Turnovers the story in Bears' road loss at Montana

B.J. Hill 1310-AM KFKA postgame

MISSOULA, Mont. -- Mike Proctor led Northern Colorado with 14 points Thursday night, and redshirt-freshman Tevin Svihovec (12 points) scored in double figures for the eighth straight game.

But the Bears committed a season-high 28 turnovers, and Montana, led by Will Cherry's game-high 27 points, ran away with a 76-58 home win at Dahlberg Arena.

Proctor's put-back at 9:28 in the first half put Northern Colorado (6-11, 3-3 Big Sky) ahead 28-16 before the Grizzlies (12-6, 5-1) finished the half on a 21-8 to lead 37-36 at the break.

The Bears scored just three points in the final 6:40 of the first half and then were able to put just five on the board through the first 13 minutes of the second half and trailed 67-41 with a little more than seven minutes to play.

Proctor continued his solid final season with the Bears with a mostly solid stat line—his nine rebounds were the most of any one on the floor, and he also had an assist, a steal and was 4-of-6 from the free-throw line—except in the turnover column, where his career-high-tying seven jump out as a definite black eye.

They added to the most turnovers for a Bears team since Nov. 27, 2007, when the opponent was Johnson & Wales.

"I think I've been a part of one game in 15 years where I've had that many turnovers," Northern Colorado coach B.J. Hill said. "I'm at a loss for words for the way we were offensively.

"It started in the first half with us. We got a 12-point lead, and we went away from what had gotten us that lead. We played the scoreboard instead of playing the game and what had made us successful to that point.

"Then, in the second half, [Montana] just came out, and they had a look upon their faces like, 'We want to take out the defending champs.' That's what our team hasn't figured out yet: that they have a big 'X' on their back, and they have to play every possession like someone's trying to take everything from them. We don't play with that type of focus and sense of urgency yet as a team. To me, that was the story."

Tate Unruh and Emmanuel Addo finished with eight points apiece for Northern Colorado, and Connor Osborne chipped in six.

Paul Garnica, Northern Colorado's leading scorer coming in at 11.2 points per game, finished with just four Thursday and has scored just 12 points in the Bears' past three games.

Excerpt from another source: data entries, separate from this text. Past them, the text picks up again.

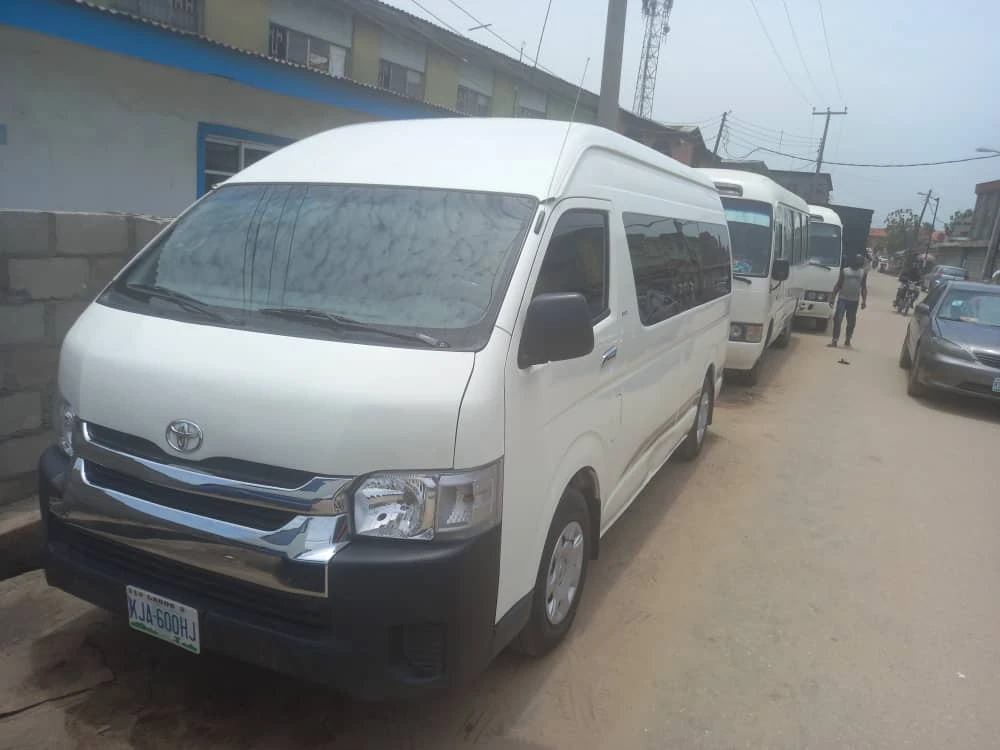 Toyota Hiace 2015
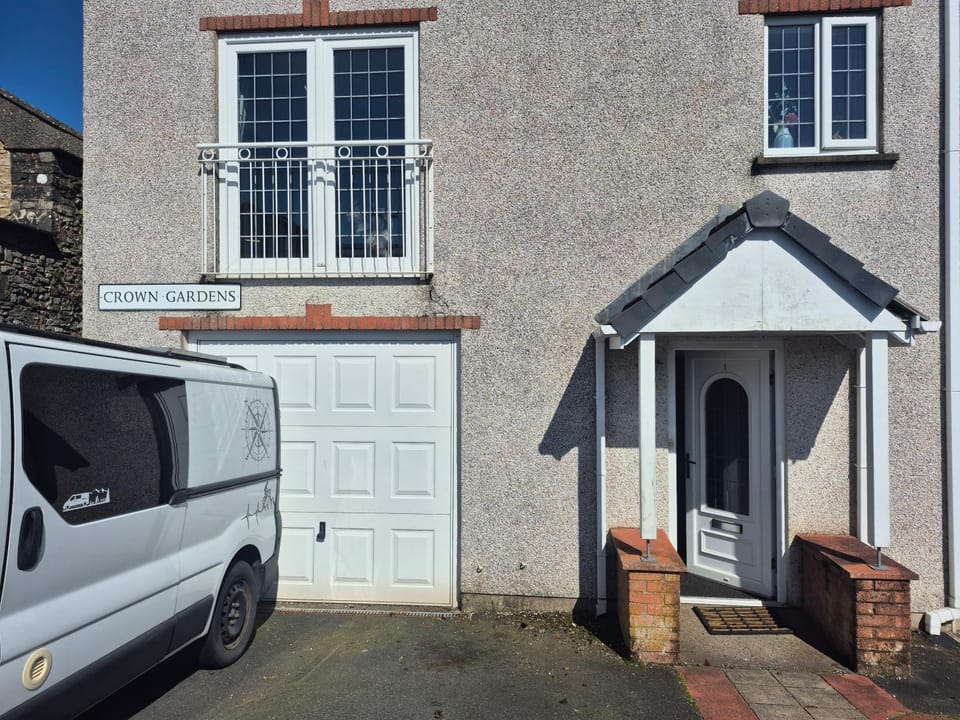 Property building, Parking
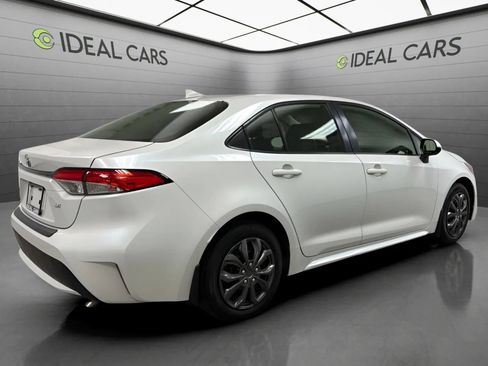 Used 2020 Toyota Corolla LE FWD image 5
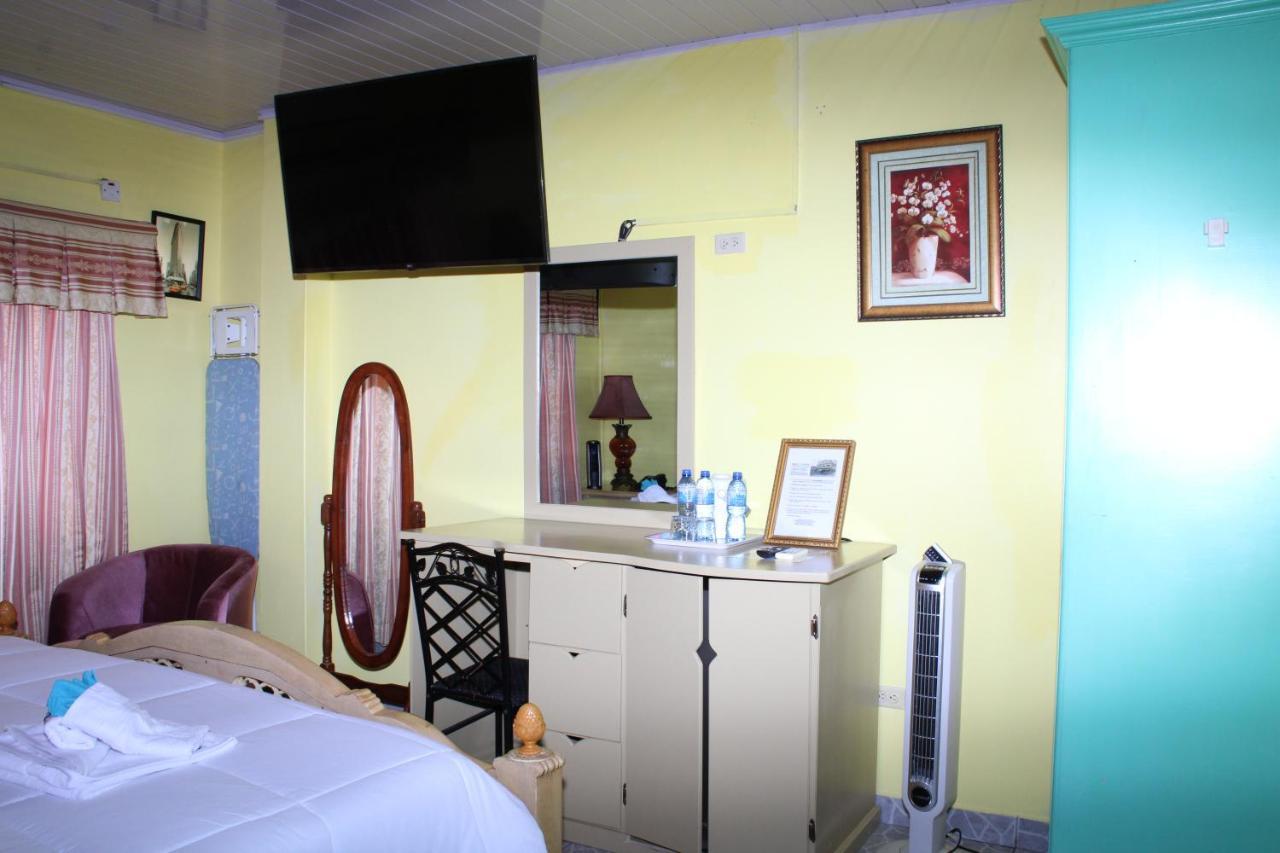 Pg Quality Inn Georgetown Bagian luar foto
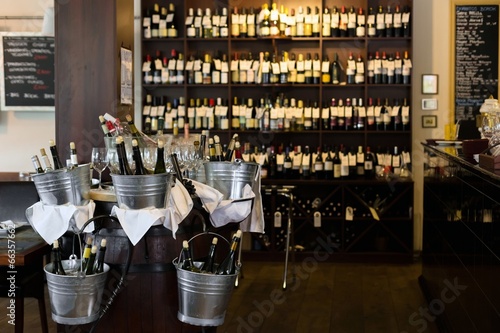 Fotografi interior of wine bar and restaurant
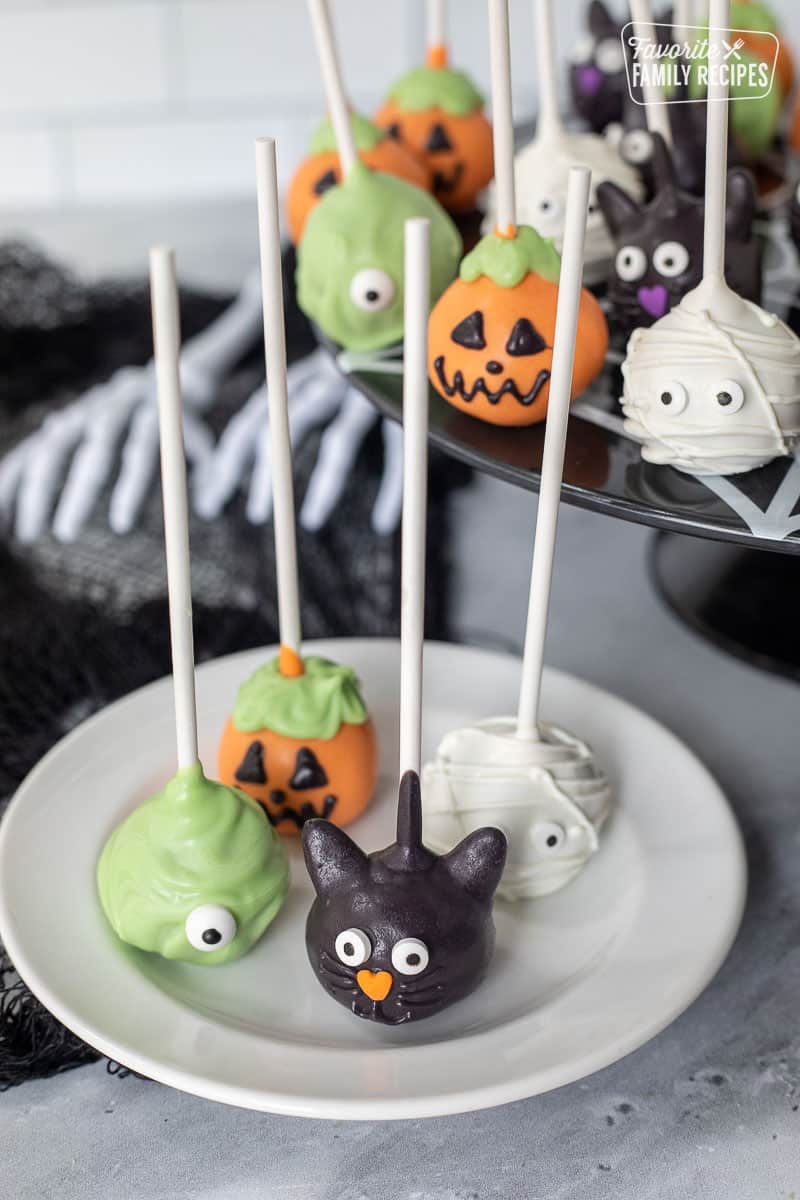 Halloween Cake Pops (4 designs)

Northern Colorado actually shot better than Montana did. The Bears' were better from the field (47.5 to 45.6 percent), from beyond the three-point stripe (38.5 to 37.5 percent) and at the free-throw line (75 to 71.4 percent).

They also cruised in the rebounding battle, claiming 33 to Montana's 22.

It didn't matter, though, because they had so many empty trips down the floor, thanks to those turnovers.

"They are too good of kids; they are too good of players to not play to their strengths and understand at this point what they need to do to be successful," Hill said. "We've got a great group of kids, and they just need to figure out that when they try to do things on their own instead of getting together it equals bad things for the Bears."